= Al-Arqam ibn Abi al-Arqam =

Arab companion of Muhammad (c.597–675)

Al-Arqam ibn Abī al-Arqam (ألأرقم ابن أبي الأرقم) (c. 597-675) was an early companion of Prophet Muhammad. He was the owner of the house where the early Muslim community held its meetings.

==Biography==
He was from the Makhzum clan of the Quraysh tribe. His father, known as Abu'l-Arqam, was Abdmanaf ibn Asad ibn Umar ibn Makhzum. His mother was Umayma bint Al-Harith from the Khuza'a tribe.

He married Hind bint Abdullah from the Asad tribe, and their children were Umayya and Maryam. By various concubines, he was also the father of Ubaydullah, Uthman and Safiya. The descendants of Ubaydullah died out; all of Al-Arqam's surviving descendants were through Uthman.

Al-Arqam is eighth on the list of "people who became Muslims at the invitation of Abu Bakr," who of course were not on the total list of all Muslims.

He joined the general emigration to Medina in 622, and Muhammad granted him a house there in the Zurayq quarter. He fought at Badr and, at the division of the spoils, asked for and obtained a sword named al-Marzuban. He also fought at the Uhud, the Battle of the Trench and "all the battles with Allah's Messenger."

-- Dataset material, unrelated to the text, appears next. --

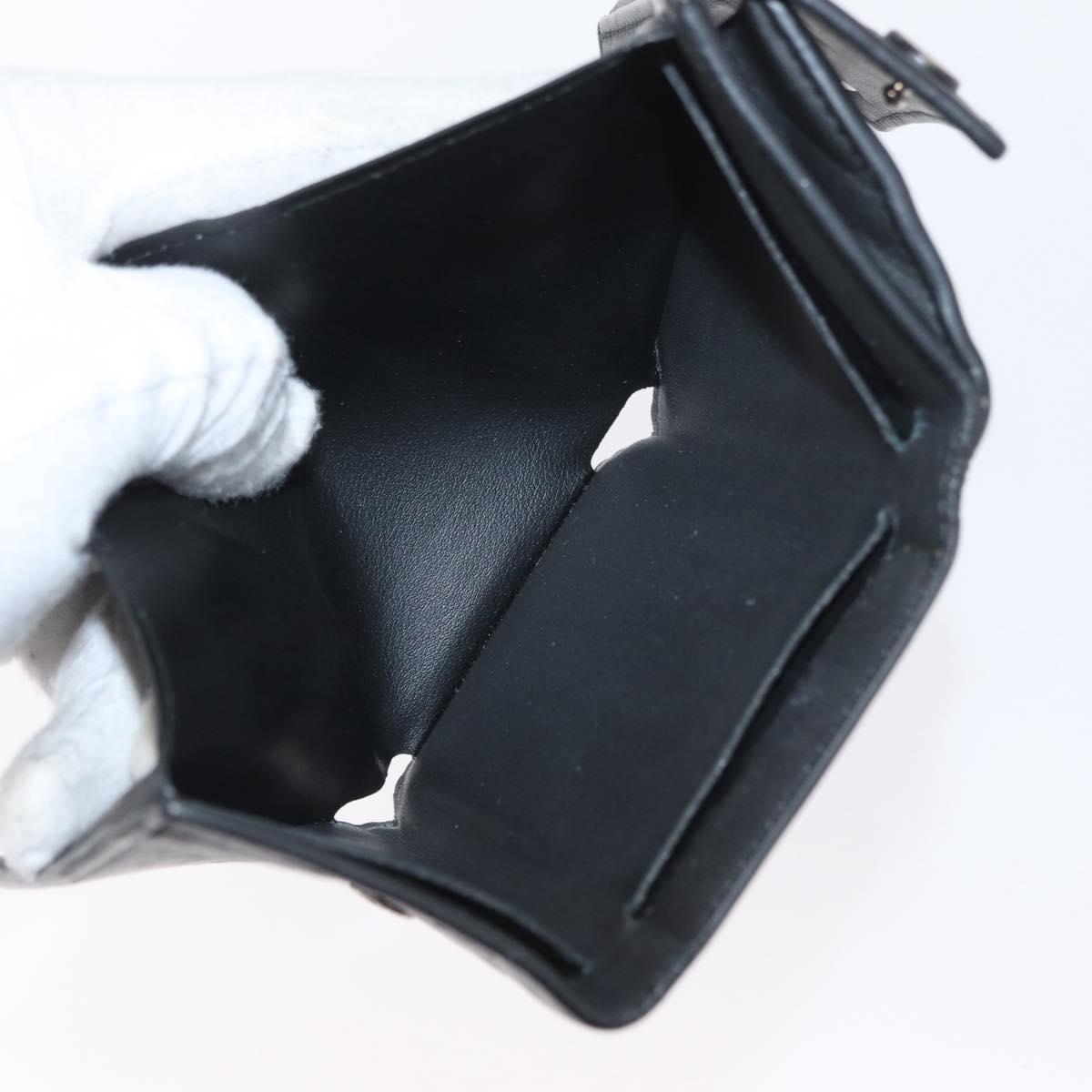 LOUIS VUITTON Monogram Shadow Discovery Compact Wallet Black M67631 Auth BA11519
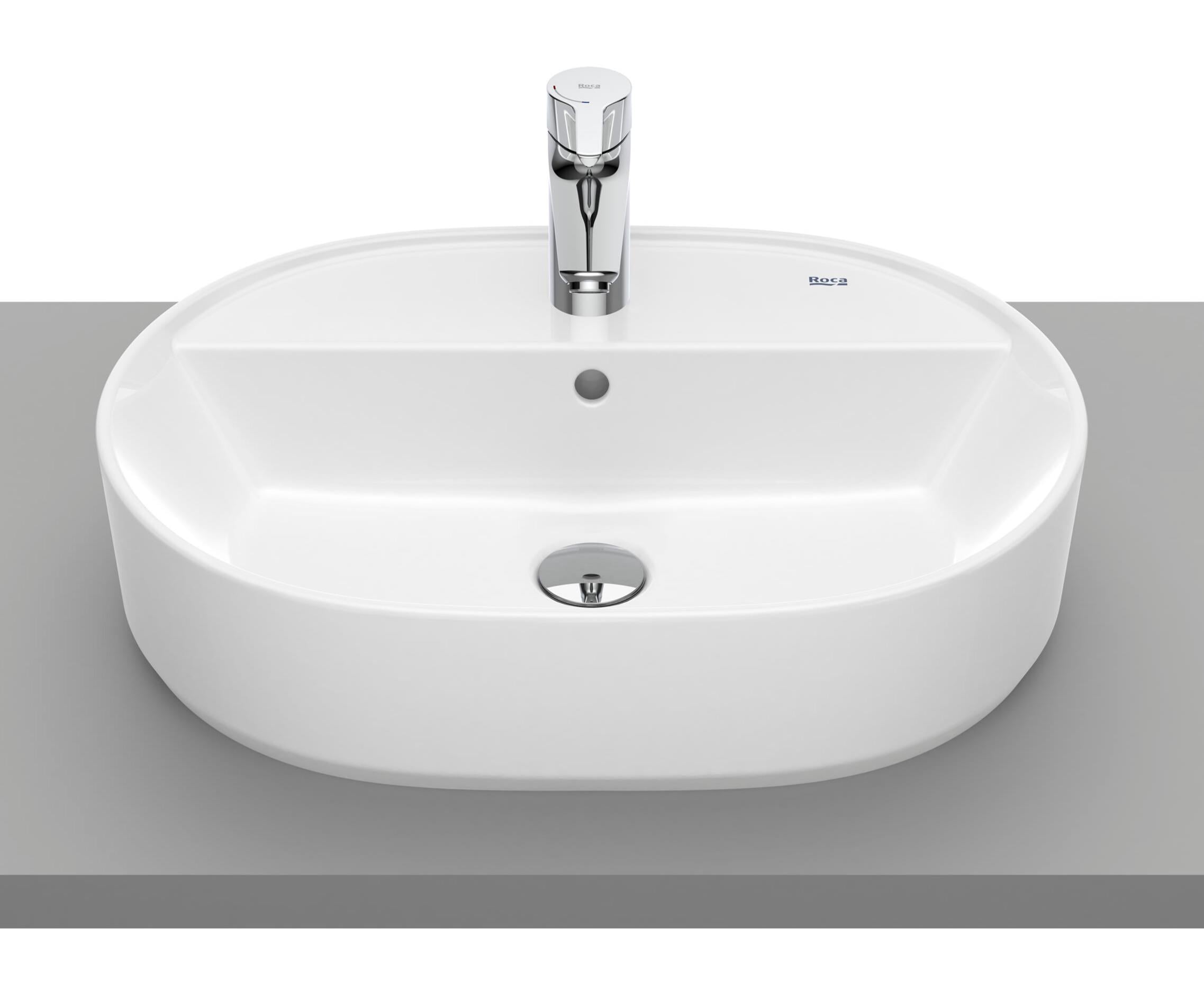 Roca Lavabo, The Gap, Çanak, 55 cm, A3270Y0000RocaA3270Y0000Tezgah Üstü Lavabo Modelleri ve Fiyatları | Banyo Dizayn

He died during the reign of Mu’aawiyah in the year 675 (55 A.H.).

==The House of Al-Arqam==
The harassment and persecution of Muslims by Quraysh polytheists (mushriks) in Mecca was increasing, and the Muslims could not worship comfortably. Al-Arqam's house was selected as a safe place to meet, pray and learn about the faith because it was located on the east of As-Safa Hill, where Muhammad was living at the commencement of his prophetic mission. The house could be entered and exited secretly because it was in a narrow street, and the street could be surveyed from within. In the fifth year of the mission Arqam’s house, which became known as the House of Islam, can be regarded as the first Islamic school, with Muhammad as the teacher and the first Muslims as its students.

New converts were brought to Al-Arqam's house. In the sixth year of the mission (615-616 CE), two powerful citizens of the Quraysh tribe, Muhammad’s uncle Hamza ibn Abdul Muttalib and Umar ibn Al-Khattab, entered to announce their adoption of Islam. Umar's conversion brought the total to forty men, after which the members of the group embarked on a mission to spread Islam to the world.

Al-Arqam bequeathed his house to his son on the condition that it would not be sold. However, in the time of Abu Jaafar al-Mansur, one of Al-Arqam's grandsons was persuaded to sell his share in the house for 17,000 dinars in exchange for being released from prison; and his relatives were then bribed into selling their own shares.

His house is now called Daru’l-Khayzuran after a subsequent owner. It is opposite the Kaaba and is used as a religious school today.